Let's take a look at the state transition to see what the actual movement of the vehicle is. The vertical axis direction is time, and the horizontal axis direction is each time. Given the initial state at t = 0, the state changes when time-evolved are accumulated downward.
The state transition when the initial number of vehicles is 30 is as shown in the above figure. As seen in the transition of the number of remaining vehicles, by giving instructions to "dare to see off" some vehicles, future traffic congestion will be eased, and as a result, parking of all vehicles will be completed earlier.
The state transition when the initial number of vehicles is 20 is as shown in the above figure. As in the case of the initial number of vehicles of 30, by instructing "dare to see off", future traffic congestion will be alleviated, and as a result, parking of all vehicles will be completed earlier. From this, it can be seen that learning is robust to some extent with respect to the number of vehicles.

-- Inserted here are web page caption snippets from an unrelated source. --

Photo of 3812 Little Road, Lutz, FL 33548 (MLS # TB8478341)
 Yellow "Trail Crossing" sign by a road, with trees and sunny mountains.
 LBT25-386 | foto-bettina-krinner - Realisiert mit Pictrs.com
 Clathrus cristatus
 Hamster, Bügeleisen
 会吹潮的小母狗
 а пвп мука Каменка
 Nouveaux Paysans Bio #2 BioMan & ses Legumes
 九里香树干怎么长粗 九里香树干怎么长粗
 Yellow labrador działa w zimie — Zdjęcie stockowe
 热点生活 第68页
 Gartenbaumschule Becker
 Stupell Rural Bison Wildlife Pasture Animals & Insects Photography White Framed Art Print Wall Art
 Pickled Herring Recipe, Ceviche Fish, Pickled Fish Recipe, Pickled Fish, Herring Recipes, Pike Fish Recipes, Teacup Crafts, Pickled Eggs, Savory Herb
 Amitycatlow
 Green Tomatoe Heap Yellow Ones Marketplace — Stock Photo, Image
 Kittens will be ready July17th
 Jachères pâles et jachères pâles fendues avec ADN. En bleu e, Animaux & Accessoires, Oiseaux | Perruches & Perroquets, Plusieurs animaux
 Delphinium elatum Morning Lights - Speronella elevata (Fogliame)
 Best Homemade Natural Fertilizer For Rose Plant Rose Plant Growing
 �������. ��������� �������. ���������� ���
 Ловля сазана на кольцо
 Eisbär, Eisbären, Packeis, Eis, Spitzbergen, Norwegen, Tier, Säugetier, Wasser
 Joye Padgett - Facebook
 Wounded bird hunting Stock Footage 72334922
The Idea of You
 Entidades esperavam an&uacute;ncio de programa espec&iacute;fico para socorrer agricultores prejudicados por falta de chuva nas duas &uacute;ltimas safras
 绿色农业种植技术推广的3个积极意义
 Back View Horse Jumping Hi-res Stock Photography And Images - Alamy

The state transition when the initial number of vehicles is 10 is as shown in the above figure. If the number of initial vehicles is small, traffic congestion will not occur and it is judged that there is no need to give an instruction to "dare to see off".
-A simple description of the road space with parking behavior using a cellular automaton.
-The strategy of "putting in the parking lot you find for the time being" may increase the time it takes for all vehicles to complete parking.
・ By introducing guide lights that instruct parking lots and learning using DQN, it is possible to shorten the time it takes for all vehicles to complete parking.